**Exercise aim**
Your answer must be an exact copy of the lines from the one containing "Profesionální hasiči testují" through the last line of the records below, with no pictures; please include nothing else.

Crawled caption data:
*** Begin section ***
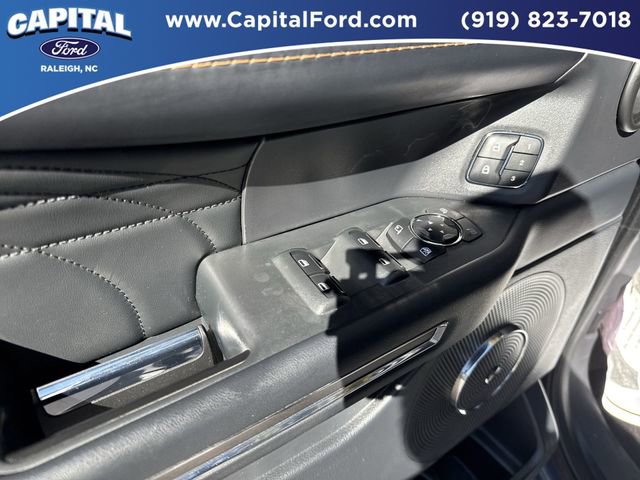 Used 2022 Ford Expedition Platinum image 20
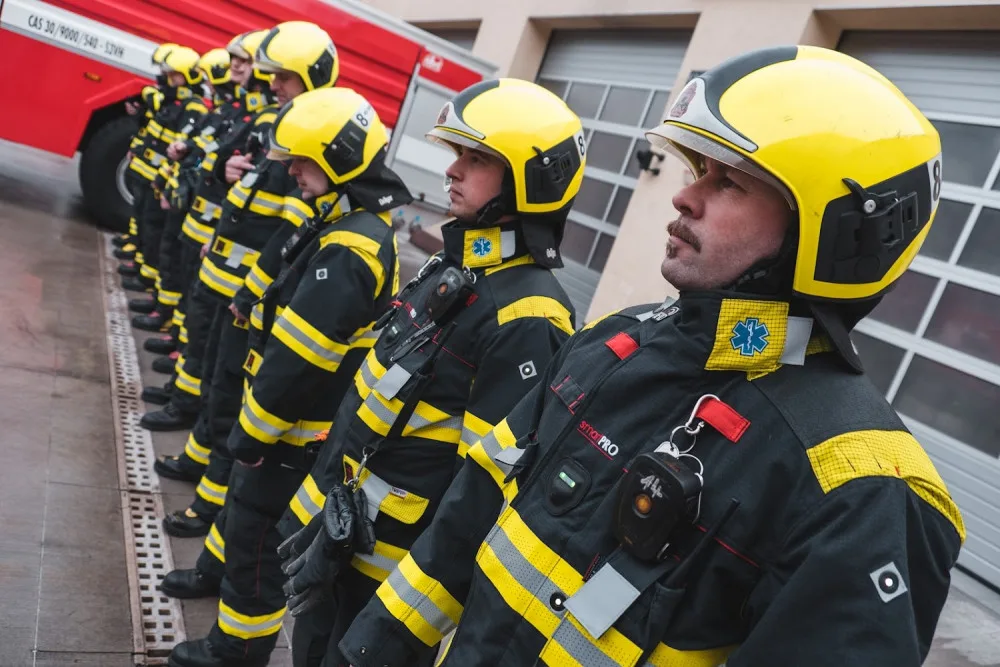 Profesionální hasiči testují chytré zásahové obleky vyvinuté plzeňskými vědci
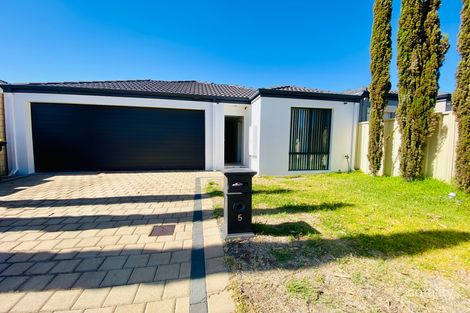 5 Privet Pass, Bennett Springs, WA 6063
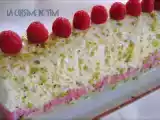 Recette Bûche de noël: dacquoise pistache/mousse chocolat blanc et mousse framboises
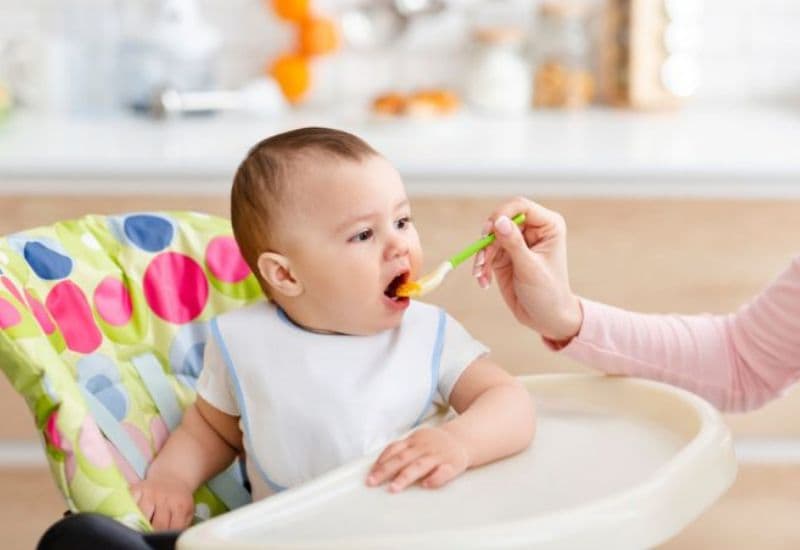 Việc cho bé ăn cá hồi đúng cách có thể hỗ trợ bé phát triển khỏe mạnh cả về thể chất lẫn trí tuệ.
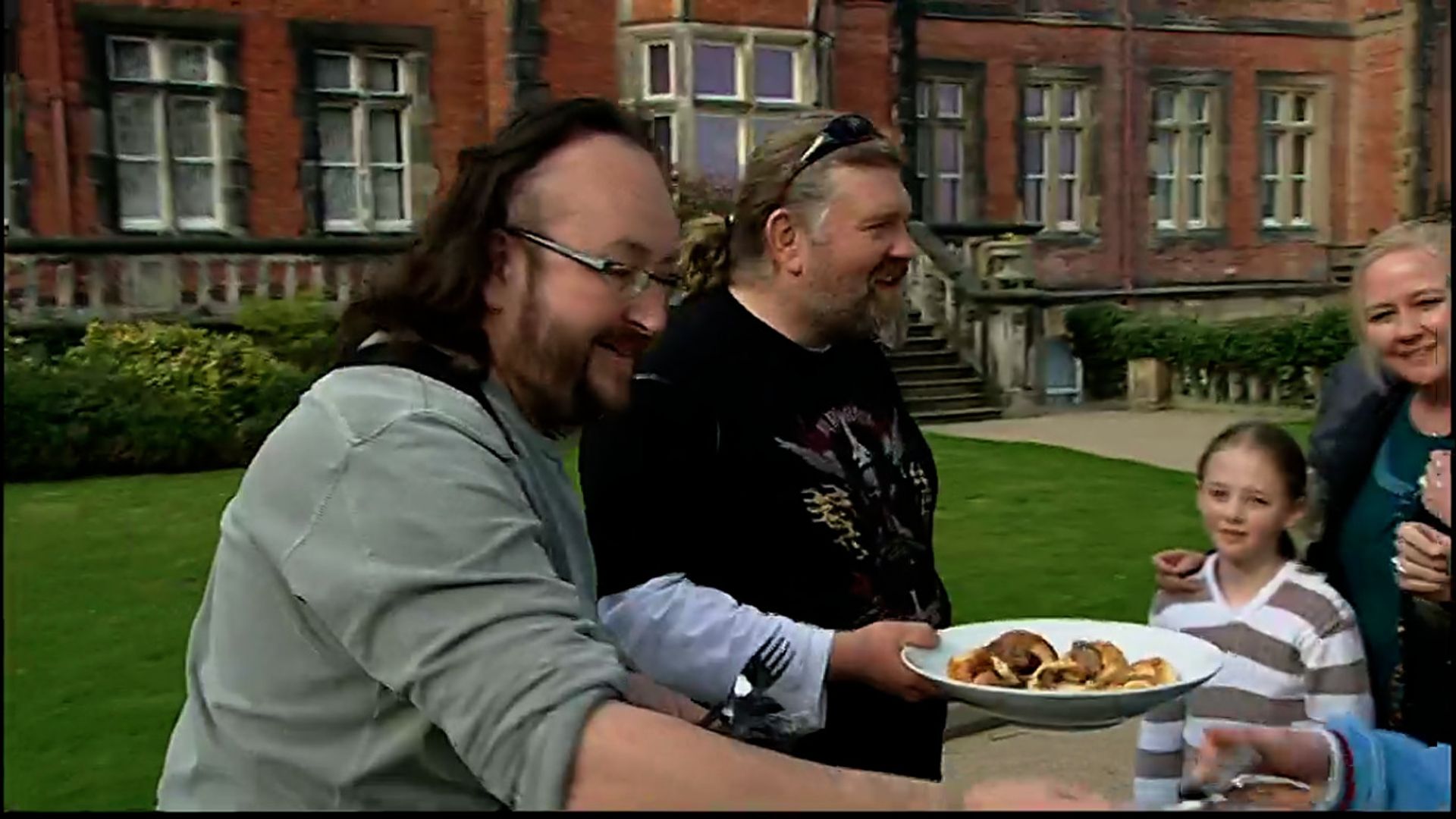 The Hairy Bikers' Food Tour of Britain background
*** End section ***
**Answer for the task**
 Profesionální hasiči testují chytré zásahové obleky vyvinuté plzeňskými vědci
 5 Privet Pass, Bennett Springs, WA 6063
 Recette Bûche de noël: dacquoise pistache/mousse chocolat blanc et mousse framboises
 Việc cho bé ăn cá hồi đúng cách có thể hỗ trợ bé phát triển khỏe mạnh cả về thể chất lẫn trí tuệ.
 The Hairy Bikers' Food Tour of Britain background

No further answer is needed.